Introduction

Work on a constraint-based tutor to teach database design started in 2000. The motivation for this work was twofold. Firstly, at the time, Mitrovic was teaching (and still does) an introductory course on relational databases. The course includes a large component on database design, including conceptual database design using the Entity-Relationship (ER) model (Chen 1976). Mitrovic observed that students had many difficulties learning ER modeling. The second motivation for developing KERMIT was to continue our work on Constraint-Based Modeling (CBM) (Ohlsson 1992). We start the paper by discussing these two motivations.

Mitrovic and Weerasinghe (2009) made a distinction between instructional domains and instructional tasks when discussing ill-definedness. The ER model itself is well-defined; it consists of only a handful of constructs with well-defined syntax. However, conceptual database design using the ER model is an ill-defined task; it consists of mapping database requirements, usually provided to students in the form of English text, to ER diagrams. Database requirements are usually underspecified, and can be ambiguous. In order to understand them fully, students need a good understanding of the application domain, common sense and background knowledge, which are often missing. Furthermore, the outcome (i.e. the ER schema) is defined in abstract terms: the student is required to develop a high quality schema that meets the requirements. Database design is a demanding task, as there is no algorithm students can use to produce ER schemas. Additionally, the stopping criterion (i.e. knowing when the solution is reached) is unclear – how can a student evaluate the quality of the produced ER diagram? It is possible for the student to check the syntactic correctness of the schema by making sure that all components satisfy the integrities of the ER model, although even this task is complex for students new to database design. Checking semantic correctness is much harder, as it requires the student to make sure the produced database schema covers requirements completely and that it is of high quality.

All of these features of database design are typical for other design tasks. Several criteria have been identified to describe design tasks in general (Goel and Pirolli 1988, 1992; Reitman 1964). Design tasks require extensive domain expertise, use of artificial symbol systems and incremental development. These tasks are characterized by underspecified start and goal states and problem-solving algorithms, large solution spaces, lack of operators for changing states, large solutions, and lack of a definite test to decide whether the goal has been attained, and consequently, there is no best solution, but rather a family of solutions for each problem. Lynch et al. (2009) discuss alternative definitions of ill-defined domains and problems, and suggest similar definitions to those proposed in (Mitrovic and Weerasinghe 2009).

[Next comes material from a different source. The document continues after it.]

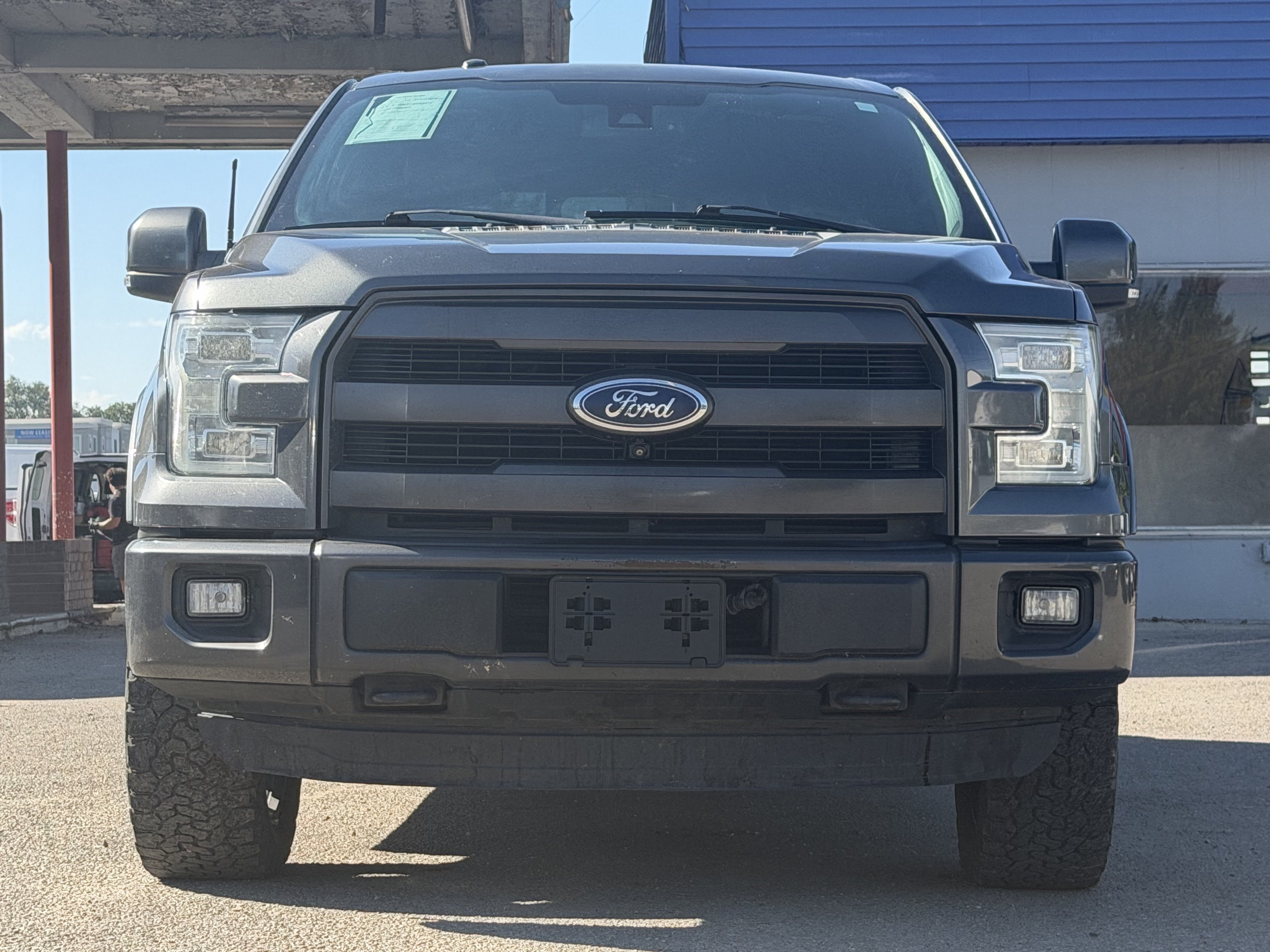 Used 2015 Ford F150 Lariat w/ Equipment Group 502A Luxury AWD/4WD image 9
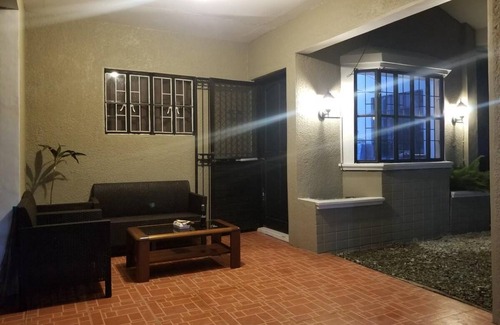 Paombong House | 120 m² Bungalow ∙ 9 guests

The other motivation for developing KERMIT was to further research on CBM in terms of its applicability in various instructional domains. Before KERMIT, Mitrovic and colleagues developed SQL-Tutor, the first constraint-based tutor which teaches students how to query relational databases (see Mitrovic and Ohlsson 2015), and CAPIT, a constraint-based tutor which teaches elementary school children about punctuation and capitalization rules in English (Mayo and Mitrovic 2001). These two tutors proved that CBM is an effective student modeling approach, and answered many questions raised by Ohlsson when he originally proposed CBM in his 1992 paper (see also Ohlsson’s commentary in this issue, 2015). ER modeling differed sufficiently from the previous two instructional domains to be interesting from this point of view. Punctuation and capitalization rules in English are very straightforward in comparison to ER modeling. Writing queries in SQL is an ill-defined design task, and therefore has some similarities with ER modeling. However, solutions are more structured in SQL than in ER modeling; queries consist of six clauses, thus defining the elementary structure for the solution space, while in the case of ER diagrams, there is no pre-specified solution structure (apart from solutions having to contain entities, relationships, attributes and other components of the ER data model).

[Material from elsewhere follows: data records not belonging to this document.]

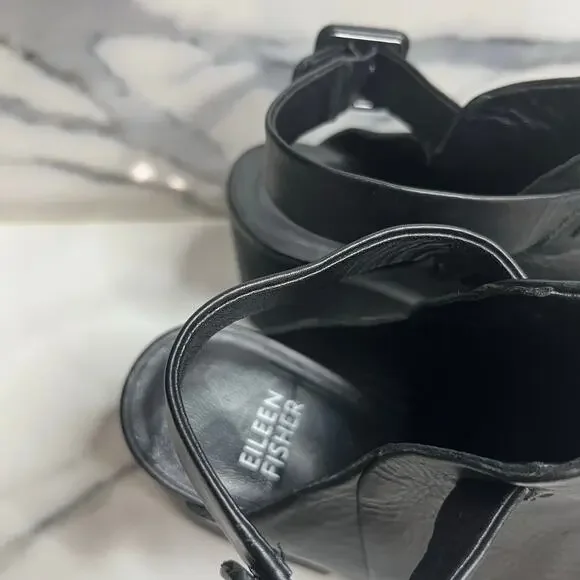 Eileen Fisher Women's Classic Minimalist Black Leather Stacked Heel Boots Sz 7 - Picture 2 of 8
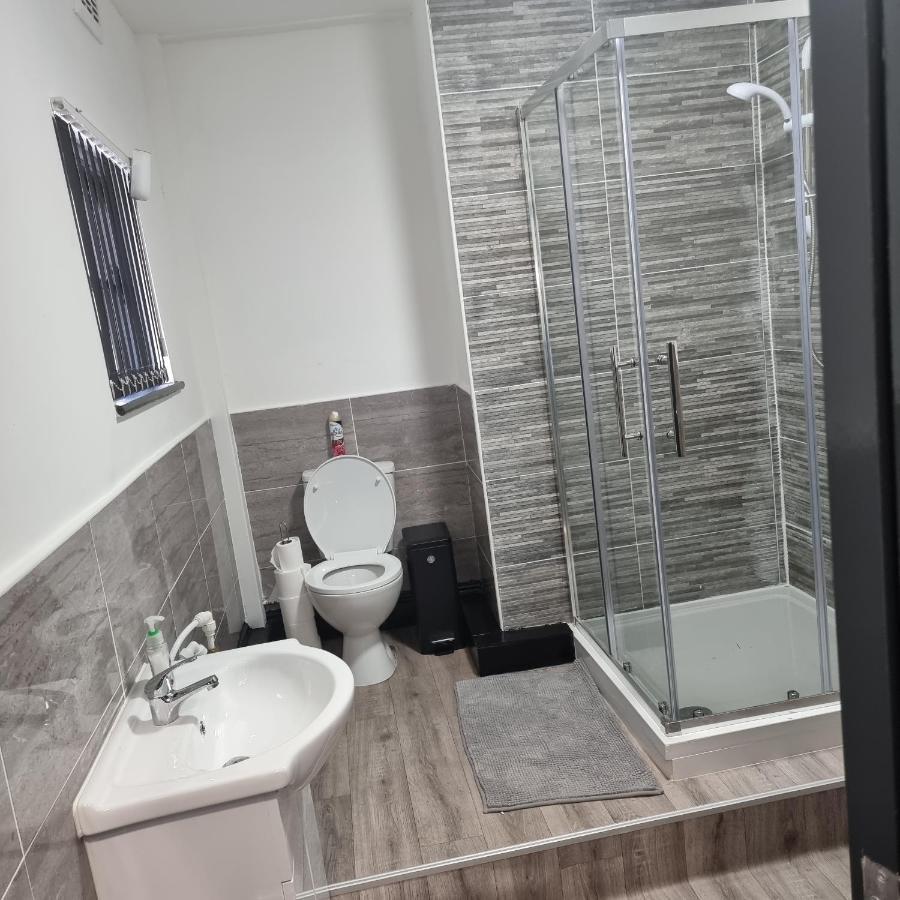 Magee Airbnb Guest house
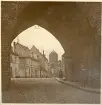 Stadsmursporten Kniepertor i Stralsund, Tyskland, sommaren 1930 (enligt text i album).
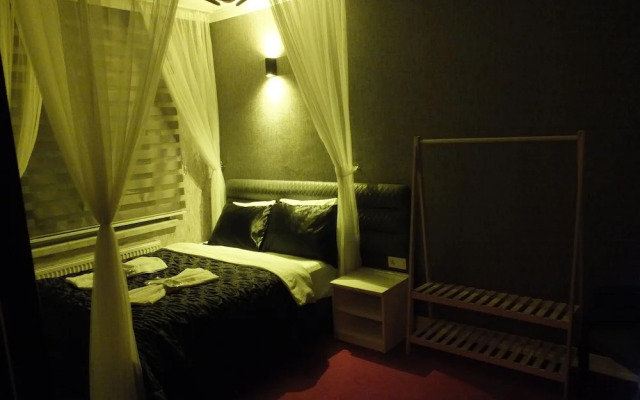 Enjoy House Boutique Hotel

We start the paper by briefly discussing the highly cited IJAIED paper on KERMIT in the next section, and then discuss EER-Tutor, an enhanced Web-enabled version of the tutor. EER-Tutor enabled many exciting research projects, which investigated meta-cognitive skills, affect-sensitive pedagogical agents, and tutorial dialogues. We present those projects in the last section.

KERMIT: A Knowledge-Based ER Modeling Tutor

Similar to other constraint-based tutors, KERMIT was designed as a complement to database courses; we assumed that the student has already acquired some knowledge via lectures and labs. KERMIT allowed students to practice, by providing database requirements for which students developed ER diagrams. The system, presented in Fig. 1, was originally developed in Visual Basic as a stand-alone application. The student was given the database requirements for the chosen problem at the top, and could use various tools to draw ER components on the drawing pane. When the student submitted a solution, the system analysed it, and provided feedback on identified mistakes (if any). Students could request more detailed feedback messages depending on their needs. The animated pedagogical agent (the Genie, implemented using Microsoft Agent) presented feedback verbally, using audio and speech bubbles.

Fig. 1
figure 1

Screenshot of the KERMIT’s interface

KERMIT analyses the submitted solution by matching it to the constraint set (which contained 92 constraints) and the pre-specified ideal solution (Suraweera and Mitrovic 2004). There are two types of constraints: the syntactic constraints check whether the student’s solution satisfies the syntax of the ER model, while the semantic constraints check whether the student’s solution matches the problem requirements by comparing it to the ideal solution. KERMIT stored only one correct solution per problem (specified by the human teacher). For all but the simplest problems, there could be several correct solutions and an infinite number of incorrect solutions, resulting in huge solution spaces. The ideal solution captures the semantics of the problem without the need for a problem solver (which would be difficult, if not impossible, to develop). Semantic constraints ensure that alternative correct solutions would be recognized as such, by looking for equivalent ways of specifying ER components (Suraweera and Mitrovic 2004). Therefore, constraints and ideal solutions allowed KERMIT to deal with huge solution spaces efficiently.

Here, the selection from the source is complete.